Holy crap, that's a lot of flags.

Question: Will setting '-s 640x480' change the aspect ratio to 640x480, or will it keep my existing aspect ratio?

linux18
August 9th, 2010, 05:55 AM
it will sort of squish your aspect ratio into 640x480,but honestly i'm not sure, I copy/pasted this from a post from 2008 by Fakeoutdoorsman

dtfinch
August 9th, 2010, 06:21 AM
How about:

ffmpeg -i infile -vcodec libx264 -pass 1 -vpre fastfirstpass -g 300 -b 500k -an -y out.mp4
ffmpeg -i infile -vcodec libx264 -pass 2 -vpre hq -g 300 -b 500k -acodec libfaac -ab 96k -y out.mp4

-vpre specifies quality preset
-g specifies keyframe interval. 300 is about 10 seconds. Smaller values would make precise seeking easier, but at a cost of size/quality.
-ab is target audio bitrate
-b is the target video bitrate. You'll want to adjust this so total bitrate is half the original.
change "infile" to match your input file.

FakeOutdoorsman
August 9th, 2010, 08:27 AM
it will sort of squish your aspect ratio into 640x480,but honestly i'm not sure, I copy/pasted this from a post from 2008 by Fakeoutdoorsman

I'm glad people notice my examples, but unfortunately that's an incredibly outdated FFmpeg encoding command. It won't even work.

The first step is to enable some additional encoders in FFmpeg that aren't installed by default. There are several methods explained here:

HOWTO: Easily enable MP3, MPEG4, AAC, and other restricted encoding in FFmpeg (http://ubuntuforums.org/showthread.php?t=1117283)

Here's a more recent example:

ffmpeg -i input.foo -acodec copy -vcodec libx264 -vpre fast -crf 24 -threads 0 output.mkv

The important options to monkey around with are -vpre (the preset) and -crf (the quality level). A lower number is a higher quality and a sane range is something like 18-28. Read more about that at the FFmpeg x264 encoding guide (http://rob.opendot.cl/index.php/useful-stuff/ffmpeg-x264-encoding-guide/).

This command will copy the audio from the input video (named input.foo in my example) and re-encode to H.264 video using the fast preset and then will dump everything into a MKV container file which just happens to be my personal favorite. This example is suitable for FFmpeg that you compiled yourself. If you use FFmpeg from the repository instead then change -vpre fast to -vpre hq (the repo FFmpeg is too old to have the more recent presets, but FFmpeg from Ubuntu Maverick is probably new enough though).
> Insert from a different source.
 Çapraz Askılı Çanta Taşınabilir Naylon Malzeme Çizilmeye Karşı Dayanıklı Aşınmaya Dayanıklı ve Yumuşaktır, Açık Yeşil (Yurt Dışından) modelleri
The example may not be suitable for the original poster because I don't know much about the video to be converted, and I'm not really sure what the encoded video is targeted for (watching on computer, portable device, playing with a Flash player on a web site, etc).

menachem
August 9th, 2010, 08:59 AM
Here's a more recent example:

ffmpeg -i input.foo -acodec copy -vcodec libx264 -vpre fast -crf 24 -threads 0 output.mkv

The important options to monkey around with are -vpre (the preset) and -crf (the quality level). A lower number is a higher quality and a sane range is something like 18-28. Read more about that at the FFmpeg x264 encoding guide (http://rob.opendot.cl/index.php/useful-stuff/ffmpeg-x264-encoding-guide/).

This command will copy the audio from the input video (named input.foo in my example) and re-encode to H.264 video using the fast preset and then will dump everything into a MKV container file which just happens to be my personal favorite. This example is suitable for FFmpeg that you compiled yourself. If you use FFmpeg from the repository instead then change -vpre fast to -vpre hq (the repo FFmpeg is too old to have the more recent presets, but FFmpeg from Ubuntu Maverick is probably new enough though).

The example may not be suitable for the original poster because I don't know much about the video to be converted, and I'm not really sure what the encoded video is targeted for (watching on computer, portable device, playing with a Flash player on a web site, etc).

I will be watching it on a computer. However, I have to convert it on one computer and then rsync it to another computer which has a small amount of storage available. Because of the file has to be synced over the internet, as well as the fact that I have limited storage on the destination computer, my goal is to have a smaller file that still has decent quality.